Ability to execute a task in a non-serial manner

In computer science, concurrency refers to the ability of a system to execute multiple tasks through simultaneous execution or time-sharing (context switching), sharing resources and managing interactions. Concurrency improves responsiveness, throughput, and scalability in modern computing, including:

- Operating systems and embedded systems
- Distributed systems, parallel computing, and high-performance computing
- Database systems, web applications, and cloud computing

== Related concepts ==
Concurrency is a broader concept that encompasses several related ideas, including:

- Parallelism (simultaneous execution on multiple processing units). Parallelism executes tasks independently on multiple CPU cores. Concurrency allows for multiple threads of control at the program level, which can use parallelism or time-slicing to perform these tasks. Programs may exhibit parallelism only, concurrency only, both parallelism and concurrency, or neither.
- Multi-threading and multi-processing (shared system resources)
- Synchronization (coordinating access to shared resources)
- Coordination (managing interactions between concurrent tasks)
- Concurrency Control (ensuring data consistency and integrity)
- Inter-process Communication (IPC, facilitating information exchange)

== Issues ==
Because computations in a concurrent system can interact with each other while being executed, the number of possible execution paths in the system can be extremely large, and the resulting outcome can be indeterminate. Concurrent use of shared resources can be a source of indeterminacy, leading to issues such as deadlocks, and resource starvation.

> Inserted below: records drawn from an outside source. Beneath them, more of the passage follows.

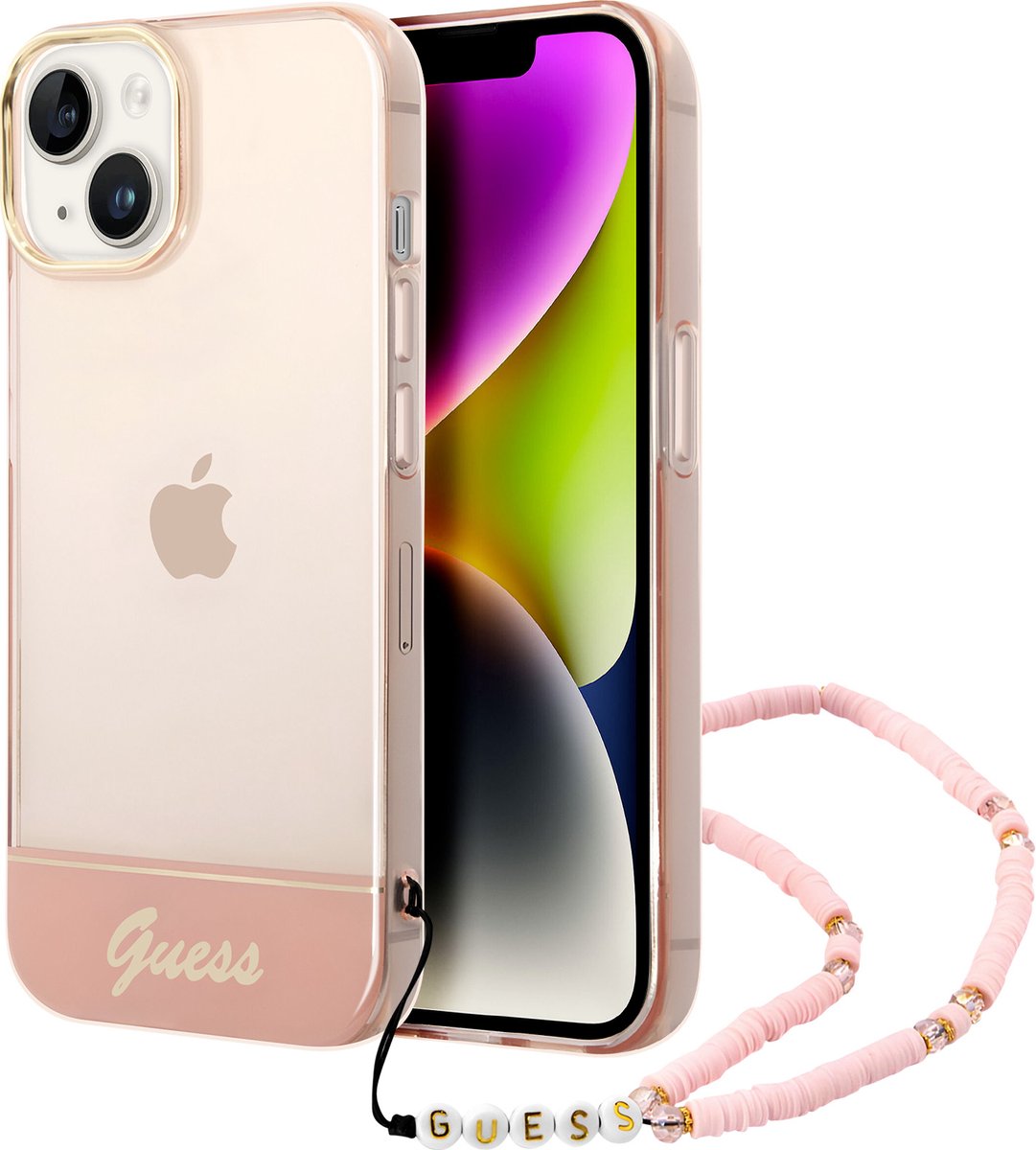 GUESS Transparante Roze TPU Back Cover voor Apple iPhone 14 - Bescherming & Stijl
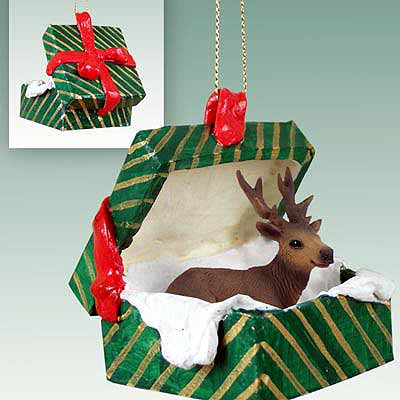 Elk Gift Box Christmas Ornament Bull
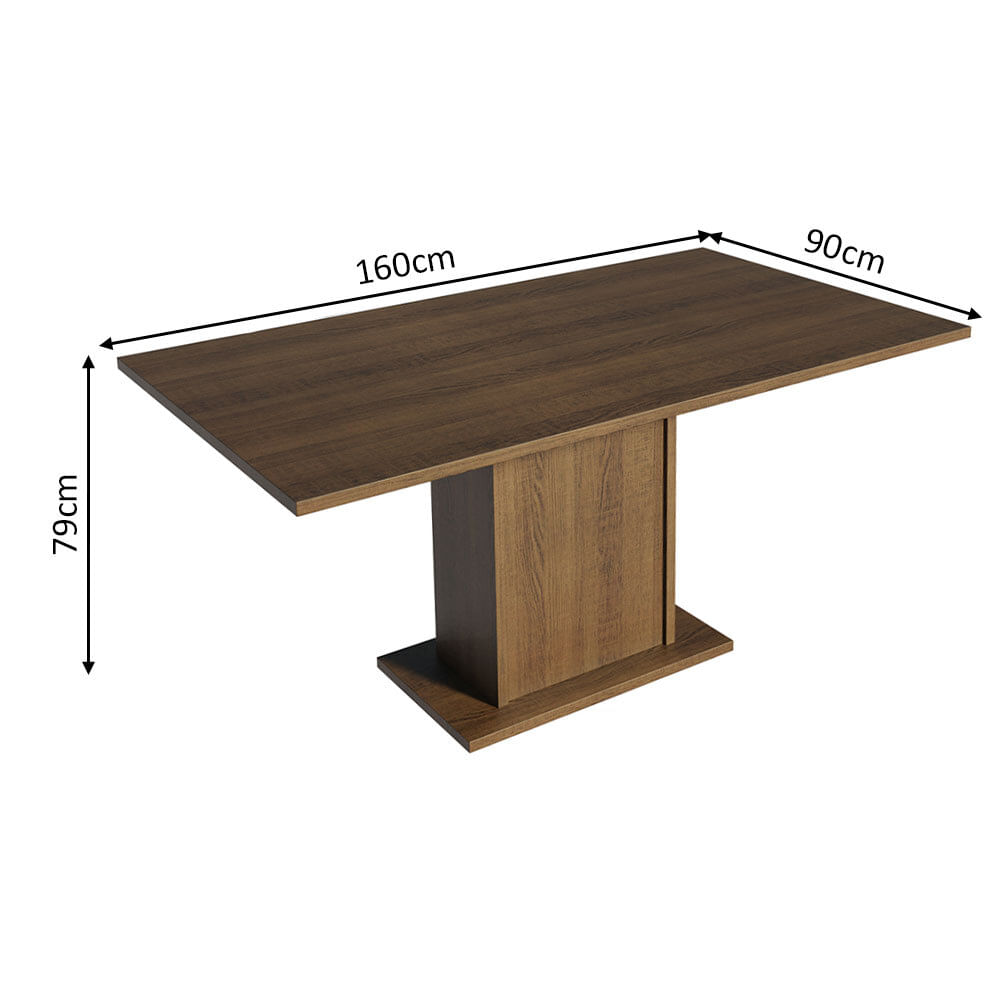 Mesa de Jantar Retangular Tampo de Madeira Rustic 5275 Madesa - Madesa ...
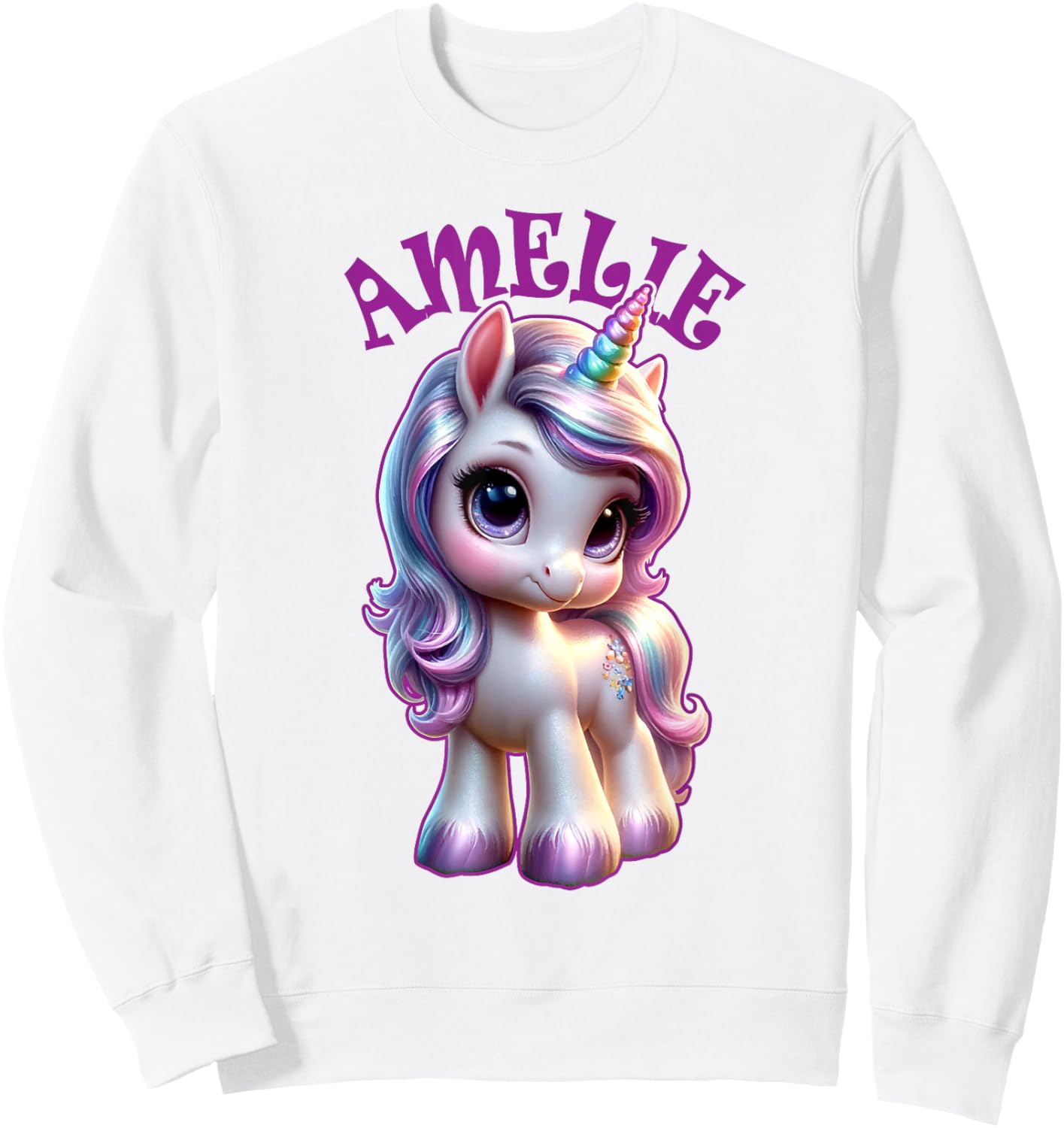 Amelie Cute Unicorn Design for Girls Name Amelie Sweatshirt - Sweatshirt | White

Design of concurrent systems often entails finding reliable techniques for coordinating their execution, data exchange, memory allocation, and execution scheduling to minimize response time and maximize throughput.

== Theory ==
Concurrency theory has been an active field of research in theoretical computer science. One of the first proposals was Carl Adam Petri's seminal work on Petri nets in the early 1960s. In the years since, a wide variety of formalisms have been developed for modeling and reasoning about concurrency.

=== Models ===
A number of formalisms for modeling and understanding concurrent systems have been developed, including:
- The parallel random-access machine
- The actor model
- Computational bridging models such as the bulk synchronous parallel (BSP) model
- Petri nets
- Process calculi
  - Calculus of communicating systems (CCS)
  - Communicating sequential processes (CSP) model
  - π-calculus
- Tuple spaces, e.g., Linda
- Simple Concurrent Object-Oriented Programming (SCOOP)
- Reo Coordination Language
- Trace monoids

Some of these models of concurrency are primarily intended to support reasoning and specification, while others can be used through the entire development cycle, including design, implementation, proof, testing, and simulation of concurrent systems. Some of these are based on message passing, while others have different mechanisms for concurrency.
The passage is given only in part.